Wirtschaft

Zulieferer zwischen den Fronten Der Hastor-Clan greift Volkswagen an

Die Grammer-Mitarbeiter befürchten Opfer im Streit zwischen der Hastor-Familie und VW zu werden.

Die Grammer-Mitarbeiter befürchten Opfer im Streit zwischen der Hastor-Familie und VW zu werden.

(Foto: picture alliance / Armin Weigel/)

Mitarbeiter und Management von Grammer wollen verhindern, dass der bosnische Hastor-Clan die Macht beim Autozulieferer ergreift. Denn die Hastors stellen mit rabiaten Methoden die Hackordnung der deutschen Autoindustrie infrage.
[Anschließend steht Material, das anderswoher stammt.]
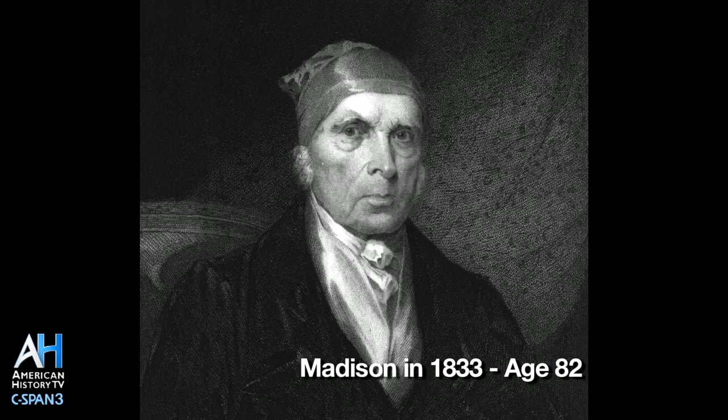It also tells you that he still wasn't entirely certain about the outcome of the Constitution. Even at the end of his life, although it had been in effect for 40-some years, he did not know it would survive.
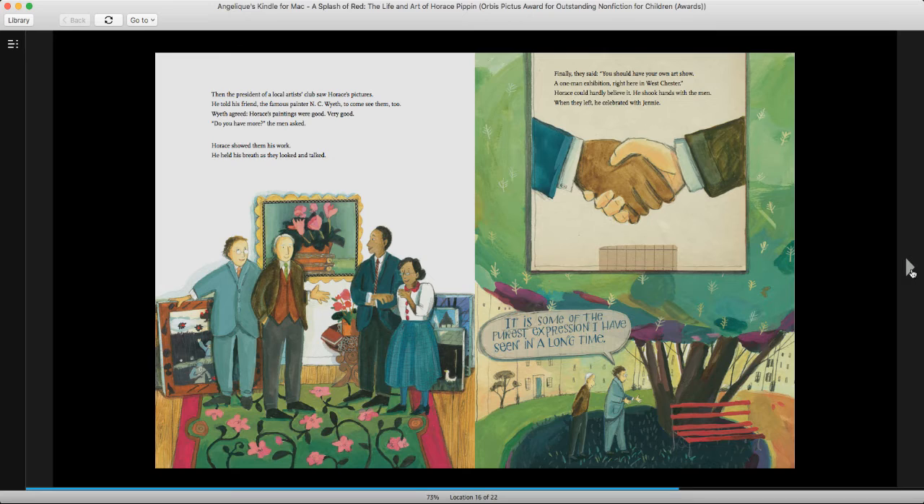Then the president of the local artist club saw Horace's pictures. He told his friend, the famous painter N.C. Wyeth, to come see them too. Wyeth agreed — Horace's paintings were good. Very good. Do you have more? the men asked. Horace showed them his work. He held his breath as they looked and talked. Finally, they said, you should have your own art show — a one-man exhibition right here in Westchester. Horace could hardly believe it. He shook hands with the men. When they left, he celebrated with Jenny. It is some of the purest expression I have seen in a long time.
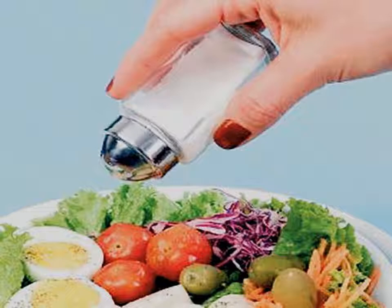Cut back or avoid already prepared foods and fast foods — they are often high in sodium. Look for low sodium frozen or canned foods. Canned foods and frozen foods are often not good for health, so try to avoid them.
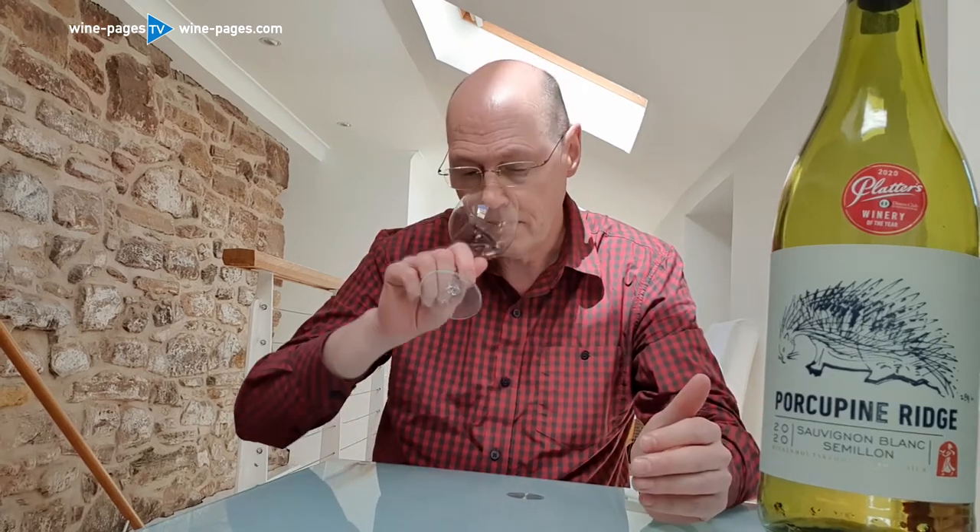On the nose, it's pretty much straight, quite luscious Sauvignon Blanc — quite a tropical character to this, with a little bit of capsicum green pepper, a little bit of elderflower and gooseberry, and lots and lots of quite punchy, vibrant fruit.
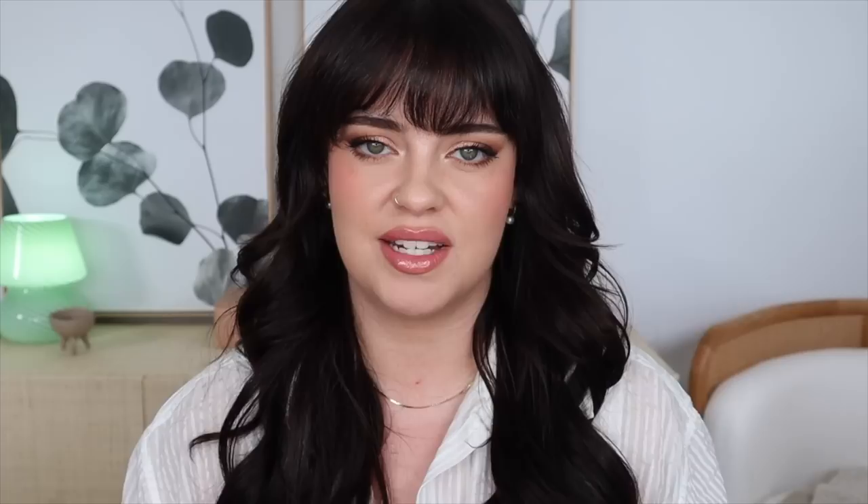Another huge thank you to Mejuri for sponsoring today's video — it means so much to me and it's always so fun to work with you guys. I'll have links to all of the pieces I'm wearing in the description, as well as this beautiful sculptural piece. If you have any more questions about wedding makeup, please ask them in the comments and I'll address them in my next wedding makeup look video. Thank you so much for watching — I really hope you enjoyed today's video and found it helpful. Give this video a like, and I will link all the products in the description. See you in the next one, bye!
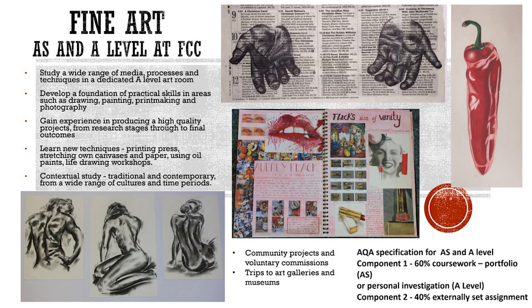Both AS and A level students develop a foundation of practical skills in areas such as drawing, painting, printmaking and photography within their own dedicated A level art room. They'll be introduced to a range of new techniques such as using the printing press, stretching their own canvases and paper, using oil paints and life drawing workshops.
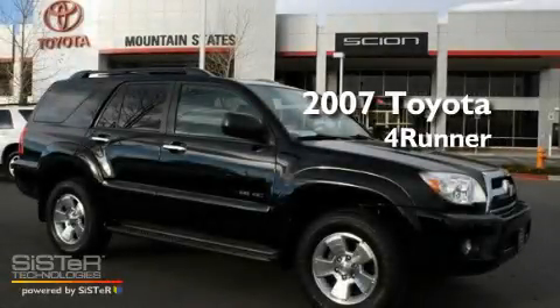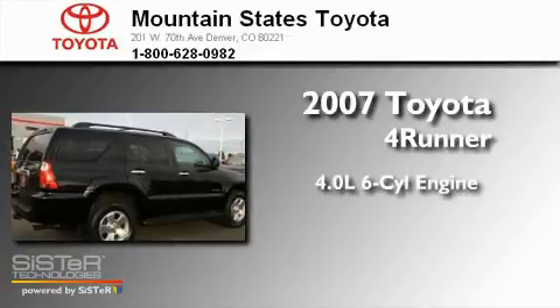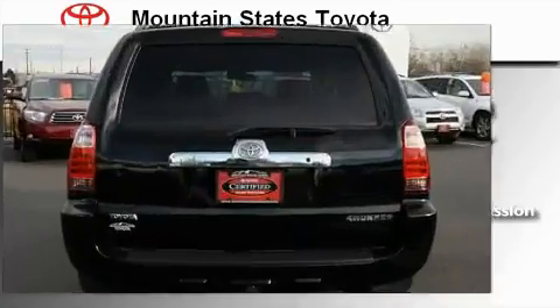This is a certified pre-owned 2007 Toyota 4Runner. It has a 4.0-liter six-cylinder engine, a five-speed automatic transmission, and four-wheel drive.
"Hastorenschreck treibt Grammers Kunden weg!" stand auf den Transparenten, die mehr als 1000 Mitarbeiter Ende April bei einem Protesttag in den Grammer-Werken bei Amberg schwenkten. Und: "Hast du Hastor erst im Haus, gehen bald die Lichter aus!" Am Werkstor des Zulieferers Grammer im bayrischen Kümmersbruck verläuft zurzeit die Front in einem Krieg, der die deutsche Autoindustrie seit Monaten in Atem hält.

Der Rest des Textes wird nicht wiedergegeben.